Through this announcement, not only has one of the fashion industry’s giants shown it understands the demands of the upcoming generation of young customers and changemakers, but it has also listened to what the young generation of designers want—to not use fur. It’s what modern luxury has to offer, and I don’t know about you, but it’s enough for me to pick Kering over LVMH.

Nike reveals it is working on biodegradable sneakers made out of carbon

In recent years, Nike, as well as many other major footwear companies, has been making headlines for its creative use of waste as a means to create sustainable sneakers. From its Space Hippie 04 model—which has a sole made of at least 25 per cent recycled material and an upper part that is around 75 per cent recycled content that includes recycled plastic bottles, t-shirts and yarn scraps—to its Move To Zero programme, which document’s the multinational corporation’s journey towards zero carbon and zero waste, it’s clear that Nike understands the new generation’s need for more sustainable alternatives, even when it comes to fashion.

So much so that it has now announced a partnership with Newlight Technologies, a biotechnology company that has developed a process to convert carbon into a leather and plastic alternative named AirCarbon. Not only is Newlight’s material carbon-neutral, but it’s actually carbon-negative. And because AirCarbon is bio-based, it’s 100 per cent biodegradable. So far so good, right?

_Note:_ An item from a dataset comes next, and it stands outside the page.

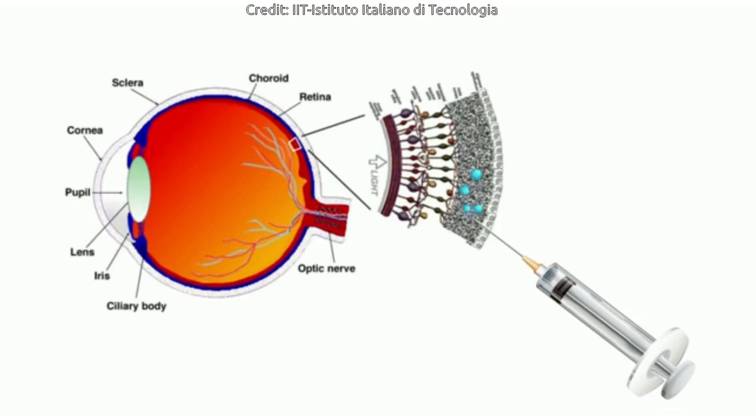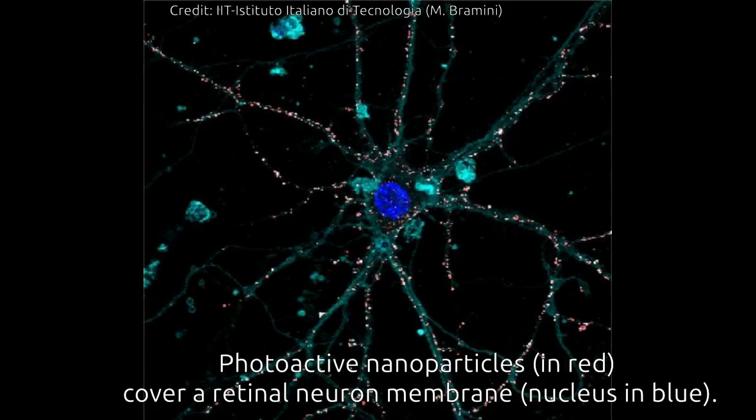The second-generation artificial retina is biomimetic, offers high spatial resolution, and consists of an aqueous component in which photoactive polymeric nanoparticles — with a size of 350 nanometers — are suspended, going to replace the damaged photoreceptors. The experimental results show that natural light stimulation of these nanoparticles causes the activation of retinal neurons spared from degeneration, thus mimicking the functioning of photoreceptors in healthy subjects.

“AirCarbon offers an opportunity to further reduce our impact on the planet,” Noel Kinder, Nike’s chief sustainability officer, said in a press release. “Materials account for 70 per cent of Nike’s total carbon footprint, and we’re accelerating our efforts and exploring new opportunities in this space because, in the race against climate change, we can’t wait for solutions, we have to work together to create them.”

How does AirCarbon work?

As of right now, AirCarbon is used as a substitute for plastic and leather—a carbon-negative alternative that can be melted down into a variety of forms, including solid shapes. The partnership between Newlight and Nike will see the latter explore the use of the material in a variety of ways, contributing to the company’s goal to create products that are better for both the environment and athletes.

In order to create its ‘magic’ material, Newlight extracts microorganisms from the ocean that consume oxygen and carbon and convert them inside their bodies to polyhydroxybutyrate, also known as PHB. After more than a decade of research and development, the company figured out how to dry PHB into a white powder that can then be melted into various forms which include fibres, sheets, and solid shapes as stated above. AirCarbon is made up of around 40 per cent oxygen and 60 per cent carbon derived from greenhouse gases.

While it will probably take a while before we see AirCarbon in Nike products, Newlight already has two retail brands under its umbrella which use its AirCarbon material. First up is the brand Restore, which sells AirCarbon straws and cutlery. The second one, Covalent, uses the material for handbags, wallets, sunglasses, and tech accessories. Using blockchain, Covalent also allows customers to trace each step of their individual product’s production.

Speaking about this new partnership’s potential, Newlight’s CEO Mark Herrema said, “Our mission is change at scale, and there are few better partners in the world than Nike to help achieve that. We are excited to explore how AirCarbon can help Nike decarbonize its products and achieve its ambitious carbon-reduction goals.” And although things might take a while, considering the fact that the fashion industry represents roughly 10 per cent of global carbon emissions and nearly 20 per cent of wastewater, according to a 2020 BBC report, it’s ‘better late than never’.

That being said, it’s also crucial for us as consumers to be wary of trendy catch-phrases like ‘carbon footprint’ which will undoubtedly become the fashion industry’s next victim on its greenwashing journey. As renowned author Rebecca Solnit once explained in The Guardian, the term carbon footprint was coined by Big Oil to shift the blame onto us and our lifestyles instead of their actions. And it worked!